Clinical Information
Clinical Pearls
- Alphanate contains both FVIII and VWF, making it suitable for both Hemophilia A and VWD, unlike single-factor products.
- Dosing for VWD should primarily be based on VWF:RCo units, with the FVIII component being a co-administered benefit.
- For VWD, the FVIII component of Alphanate may have a prolonged half-life due to the stabilizing effect of the co-administered VWF, potentially allowing for less frequent dosing than with FVIII-only products.
- Always reconstitute the product according to manufacturer's instructions and administer via intravenous infusion.
- Monitor for inhibitor development in Hemophilia A patients, especially those with severe disease or during initial exposure.
- Be vigilant for signs of thrombosis, particularly in VWD patients receiving high or repeated doses, or those with other thrombotic risk factors (e.g., surgery, immobility, use of antifibrinolytics).
- Ensure patients and caregivers are trained on proper home infusion techniques and recognition of adverse reactions.
Alternative Therapies
- Recombinant Factor VIII (for Hemophilia A, e.g., Advate, Eloctate, Jivi, Hemlibra - emicizumab)
- Recombinant von Willebrand Factor (for VWD, e.g., Vonvendi)
- Desmopressin (DDAVP) (for mild Hemophilia A and Type 1 VWD)
- Antifibrinolytic agents (e.g., tranexamic acid, aminocaproic acid) (adjunctive therapy for bleeding control)

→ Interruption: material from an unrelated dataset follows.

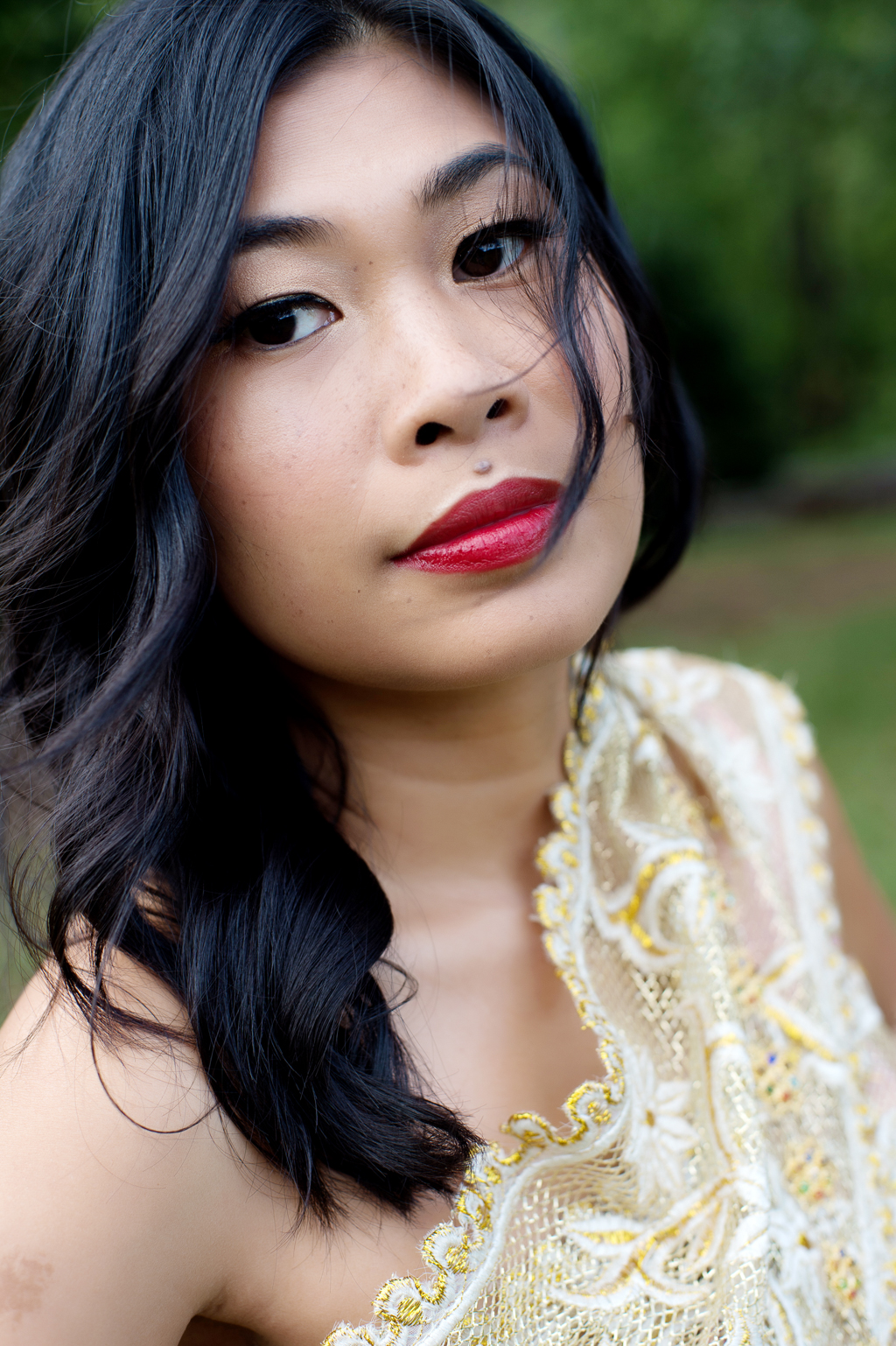 a woman in traditional gold cambodian wedding attire and red lipstick looks intently at the camera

- Cryoprecipitate (contains FVIII, VWF, fibrinogen, fibronectin - older therapy, higher pathogen risk)
Cost & Coverage
Average Cost:
Highly variable, typically thousands to tens of thousands of USD per dose depending on strength and quantity. For example, a 2000 IU vial could range from $2,000 to $5,000+. per vial (e.g., 2000 IU)
Insurance Coverage:
Specialty Tier (requires prior authorization, often subject to high co-pays or co-insurance)
General Drug Facts
If your symptoms or health issues persist or worsen, it's essential to contact your doctor for further guidance. To ensure your safety, never share your medication with others or take someone else's medication. Some medications may come with an additional patient information leaflet, so be sure to check with your pharmacist for more information. If you have any questions or concerns about your medication, don't hesitate to reach out to your doctor, nurse, pharmacist, or other healthcare provider. In the event of a suspected overdose, immediately call your local poison control center or seek medical attention. When seeking help, be prepared to provide details about the medication taken, the amount, and the time it occurred.